Many may not appreciate this essay, but I know in my heart that I cannot tell anyone who I am and what I have done without telling them about Christ. I have been fearful to, but that is all of who I am. Anything that does not line up with God, I do not want to be.
If you ask someone to describe me one might say, “Tosin Akande is funny, opinionated, passionate, and smart.” However, if you ask me to describe myself I will say, “I am minded. I am a sinner saved by grace. I am nothing. I am a part of the body of Christ.
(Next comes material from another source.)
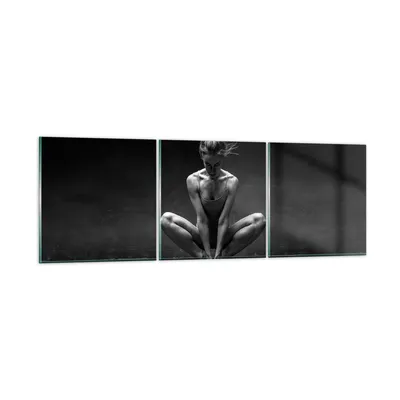 Produktbild von Bilder auf glas - 3 Teile - Tänzerin Frau Ballerina - 150x50cm - Glasbilder - Wandbilder - Bilder - zum Aufhängen bereit - Wanddekoration aus Glas - Glas Bilder - Wandbild auf Glas - GCA150x50-4925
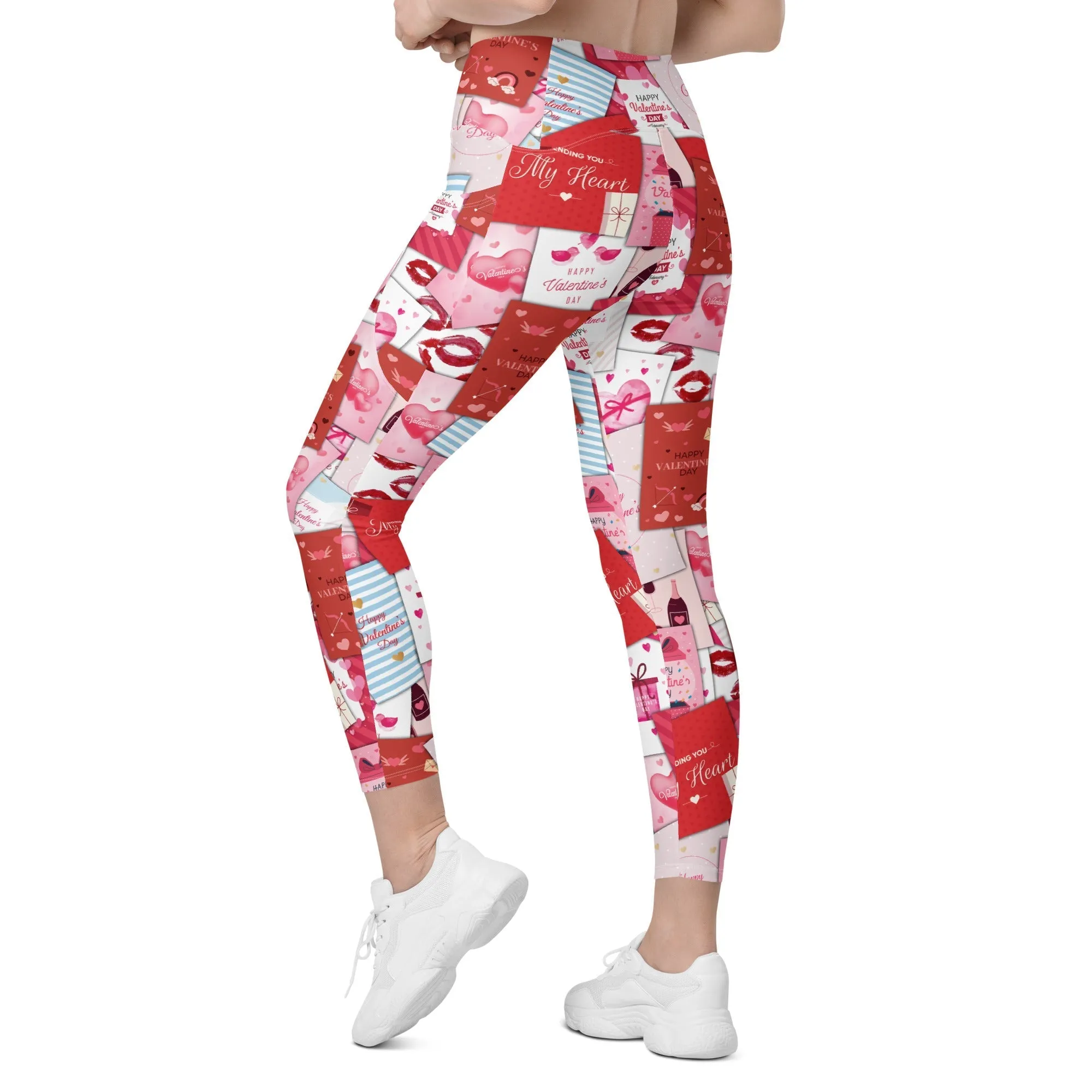 Valentine's Day Cards Leggings With Pockets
And most importantly I am a child of the King.” For you did not receive the spirit of bondage again to fear, but you received the Spirit of adoption by whom we cry out, “Abba, Father.” The Spirit Himself bears witness with our spirit that I am a child of God, and if a child, then an heir— a heir of God and joint heirs with Christ, if indeed I suffer with Him, that I may also be glorified together” (Romans 8:15-17).